Cardiovascular diseases (CVD) remain the number one killer on earth. It kills twice the number of people as the second-largest killer-Cancer. Millions die every year due to heart attacks and sudden cardiac death. This year saw the end of many celebrities suddenly and unexpectedly due to what is believed to be sudden cardiac death (SCD). Starting from healthy journalist to young muscular film actor, it spares no one, unfortunately! It is also quite common-every two minutes, someone in the US may be dying due to an SCD.

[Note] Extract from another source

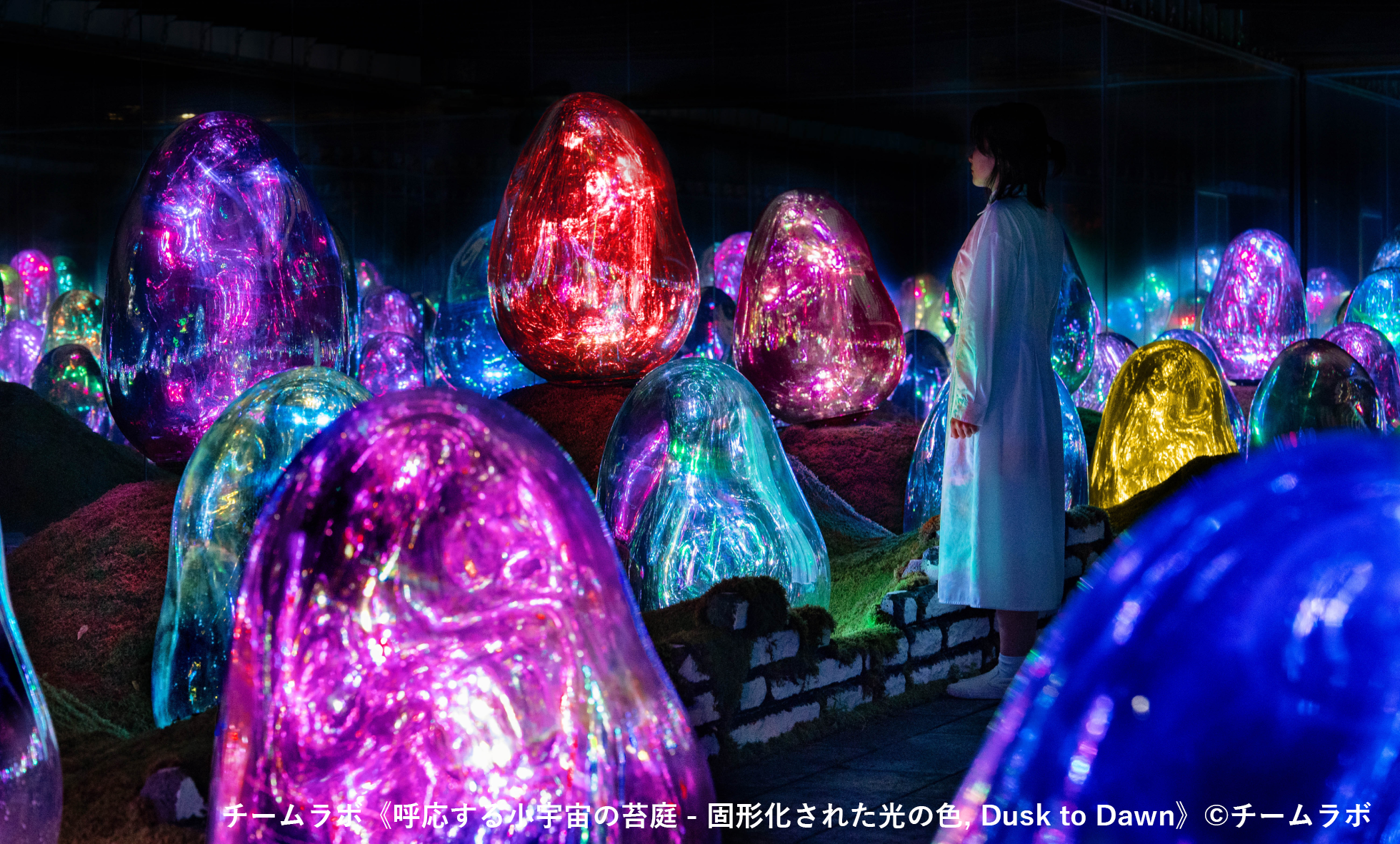チームラボプラネッツ TOKYO DMM.com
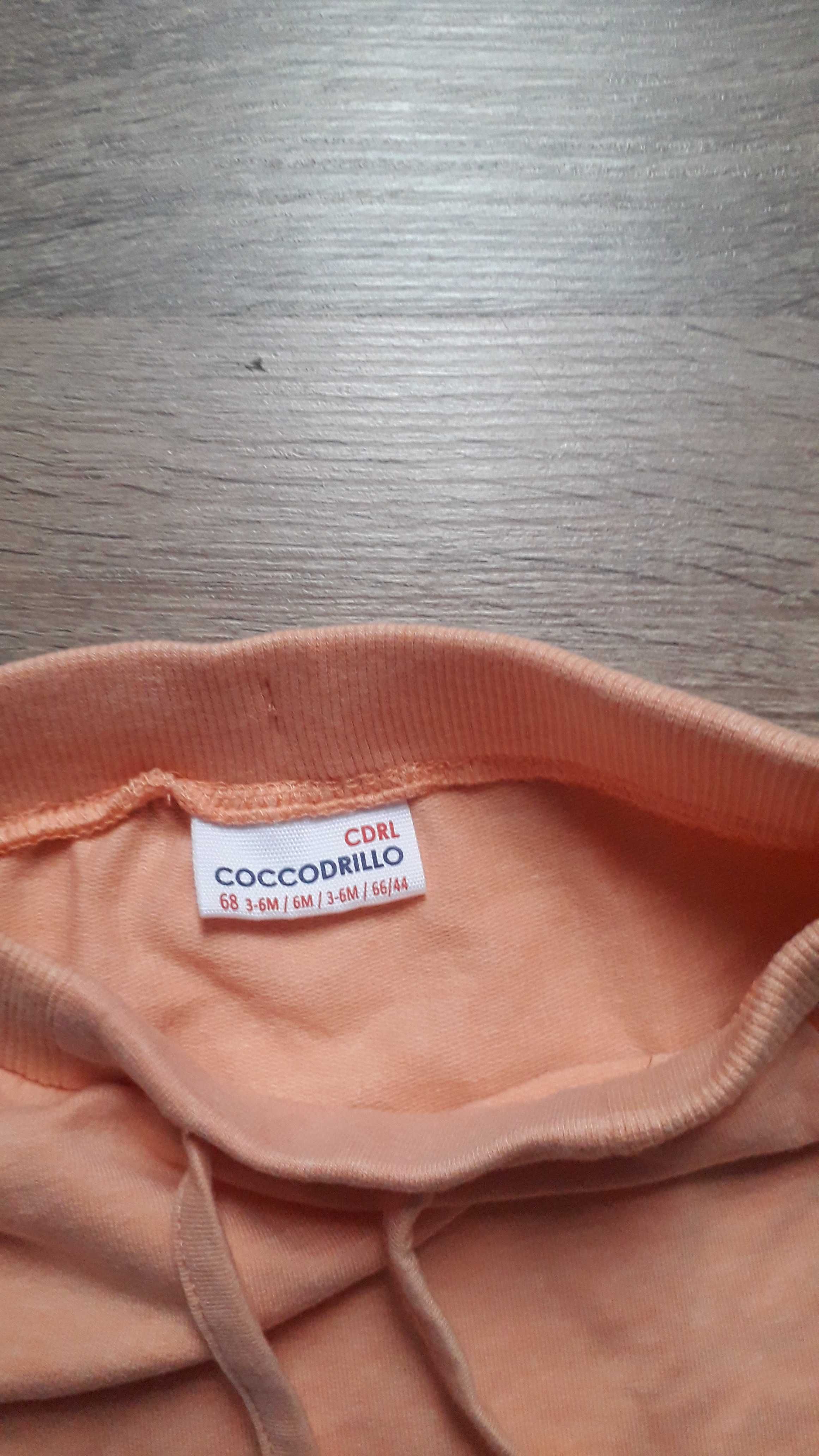 Spodnie dresowe dla dziewczynki Coccodrillo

Considerable advances in modern medicine, including drugs, life-saving technology, and catheters to reach deep recesses in the heart and stents, have enabled life to be saved in most acute cardiovascular conditions. Unfortunately, these breakthroughs in medicine have not translated into better care or decreased mortality and morbidity in chronic CVD. Hypertension, diabetes, and coronary artery disease are on the rise. Indians are believed to be genetically predisposed due to the smaller radius of the coronary arteries. Thus, they are likely to have their arteries blocked with a lesser load of deposited fat than their western counterparts. Stress, lack of exercise, an inappropriate diet adds to this milieu to create a high risk for CVD. Others have what is known as SCD, where the heart goes abnormally fast or stops. People die even before an ambulance can pick you up, or you get to call the person in the next room or any emergency services.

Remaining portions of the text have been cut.